Number of invertible {0,1} real matrices?
See Sloane, A046747 for the number of singular (0,1)-matrices. It doesn't seem like there's an exact formula, but it's conjectured that the probability that a random (0,1)-matrix is singular is asymptotic to $n^2/2^n$.
Over $F_2$ the probability that a random matrix is nonsingular, as $n \to \infty$, approaches the product $(1/2)(3/4)(7/8)\cdots = 0.2887880951$, and so the probability that a random large matrix is singular is only around 71 percent. I should note that a matrix is singular over $F_2$ if its real determinant is even, so this tells us that determinants of 0-1 matrices are more likely to be even than odd.
As Michael noted, the conjectured bound for the probability a random $(0,1)$ matrix is singular is $(1+o(1)) n^2 2^{-n} $. This corresponds to the natural lower bound coming from the observation that if a matrix has two equal rows or columns it is automatically singular.
The best bound for a long time for this problem was $(\frac{1}{\sqrt{2}} + o(1) )^n$, due to Bourgain, Vu, and Wood. Corollary 3.3 in their paper also gives a bound of $(\frac{1}{\sqrt{q}}+o(1))^n$ in the case where entries are uniformly chosen from $\{0, 1, \dots, q-1\}$ (here the conjectured bound would be around $n^2 q^{-n})$
Even showing that the determinant is almost surely non-zero is not easy (this was first proven by Komlos in 1967, and the reference is given in Michael's Sloane link).

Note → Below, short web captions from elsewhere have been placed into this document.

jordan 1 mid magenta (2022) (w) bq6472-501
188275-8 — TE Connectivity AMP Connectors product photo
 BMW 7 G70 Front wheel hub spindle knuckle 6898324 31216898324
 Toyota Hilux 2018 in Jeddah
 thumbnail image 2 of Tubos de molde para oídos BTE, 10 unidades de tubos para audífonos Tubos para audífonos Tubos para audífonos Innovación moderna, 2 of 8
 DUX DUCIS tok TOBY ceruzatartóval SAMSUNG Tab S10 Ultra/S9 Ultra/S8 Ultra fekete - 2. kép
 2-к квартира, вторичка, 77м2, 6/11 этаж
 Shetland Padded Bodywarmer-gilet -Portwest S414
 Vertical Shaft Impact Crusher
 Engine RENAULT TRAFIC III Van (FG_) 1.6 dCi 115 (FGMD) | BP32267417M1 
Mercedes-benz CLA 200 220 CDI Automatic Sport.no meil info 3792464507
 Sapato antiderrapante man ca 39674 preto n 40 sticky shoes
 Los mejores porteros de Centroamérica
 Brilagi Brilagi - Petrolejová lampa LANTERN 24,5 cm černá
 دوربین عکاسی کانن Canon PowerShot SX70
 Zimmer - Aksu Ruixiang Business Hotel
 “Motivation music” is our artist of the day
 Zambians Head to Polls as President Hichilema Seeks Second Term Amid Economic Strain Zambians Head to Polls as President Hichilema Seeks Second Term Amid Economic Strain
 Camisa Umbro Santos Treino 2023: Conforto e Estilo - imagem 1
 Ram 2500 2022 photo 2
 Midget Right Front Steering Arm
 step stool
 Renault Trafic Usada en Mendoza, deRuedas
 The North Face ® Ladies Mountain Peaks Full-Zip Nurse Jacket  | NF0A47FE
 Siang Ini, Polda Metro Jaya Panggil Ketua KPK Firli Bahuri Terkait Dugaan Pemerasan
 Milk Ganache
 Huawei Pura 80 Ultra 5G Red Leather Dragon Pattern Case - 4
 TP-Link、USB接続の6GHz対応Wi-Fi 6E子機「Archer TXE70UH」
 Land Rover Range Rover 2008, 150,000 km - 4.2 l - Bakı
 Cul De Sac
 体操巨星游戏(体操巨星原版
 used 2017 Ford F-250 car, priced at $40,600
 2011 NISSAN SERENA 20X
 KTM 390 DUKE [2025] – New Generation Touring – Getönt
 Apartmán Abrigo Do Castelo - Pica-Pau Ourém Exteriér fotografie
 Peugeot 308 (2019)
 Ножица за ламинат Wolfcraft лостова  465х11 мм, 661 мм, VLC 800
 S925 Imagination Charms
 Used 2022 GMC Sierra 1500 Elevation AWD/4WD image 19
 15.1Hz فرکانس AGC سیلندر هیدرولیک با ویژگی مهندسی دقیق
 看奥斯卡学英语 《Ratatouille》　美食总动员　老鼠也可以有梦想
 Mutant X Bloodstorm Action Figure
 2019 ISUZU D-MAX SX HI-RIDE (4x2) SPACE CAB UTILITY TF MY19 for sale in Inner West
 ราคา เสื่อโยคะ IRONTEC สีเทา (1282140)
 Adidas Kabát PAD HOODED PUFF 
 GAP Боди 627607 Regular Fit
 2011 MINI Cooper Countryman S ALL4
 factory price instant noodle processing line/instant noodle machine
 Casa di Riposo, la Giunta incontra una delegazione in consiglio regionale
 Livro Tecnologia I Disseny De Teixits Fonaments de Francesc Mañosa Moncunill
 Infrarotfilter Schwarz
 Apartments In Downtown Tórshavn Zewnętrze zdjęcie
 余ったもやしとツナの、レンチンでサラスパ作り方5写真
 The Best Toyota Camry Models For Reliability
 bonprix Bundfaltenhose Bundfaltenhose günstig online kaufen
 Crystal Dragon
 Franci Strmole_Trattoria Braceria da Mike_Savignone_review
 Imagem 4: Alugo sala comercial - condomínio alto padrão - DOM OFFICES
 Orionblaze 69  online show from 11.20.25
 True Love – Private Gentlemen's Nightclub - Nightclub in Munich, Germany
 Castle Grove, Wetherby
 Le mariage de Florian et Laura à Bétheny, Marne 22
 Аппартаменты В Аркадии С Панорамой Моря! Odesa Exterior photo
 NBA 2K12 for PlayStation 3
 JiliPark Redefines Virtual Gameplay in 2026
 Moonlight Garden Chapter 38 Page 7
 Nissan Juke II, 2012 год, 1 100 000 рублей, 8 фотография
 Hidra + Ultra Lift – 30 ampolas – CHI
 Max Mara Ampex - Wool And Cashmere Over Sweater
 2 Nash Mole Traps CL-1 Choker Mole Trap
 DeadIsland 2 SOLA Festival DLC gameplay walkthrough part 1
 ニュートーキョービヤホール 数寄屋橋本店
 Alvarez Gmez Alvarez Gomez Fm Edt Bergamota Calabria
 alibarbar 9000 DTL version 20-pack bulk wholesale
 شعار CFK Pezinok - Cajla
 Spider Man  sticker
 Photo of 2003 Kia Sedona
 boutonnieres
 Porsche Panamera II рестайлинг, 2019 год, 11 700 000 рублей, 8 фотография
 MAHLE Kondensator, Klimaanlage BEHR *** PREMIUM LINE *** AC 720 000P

Update: Konstantin Tikhimorov has uploaded a preprint giving a bound of $(\frac{1}{2}+o(1))^n$ on the singularity probability in the $(0,1)$ case, matching the lower bound up to the $o(1)$ in the exponent) (the result stated in his paper is for $\pm 1$ matrices, but there's a bijection showing that the singularity probability of an $n \times n$ $\pm 1$ matrix is the same as that of an $(n-1) \times (n-1)$ matrix with entries uniformly from $\{0,1\}$).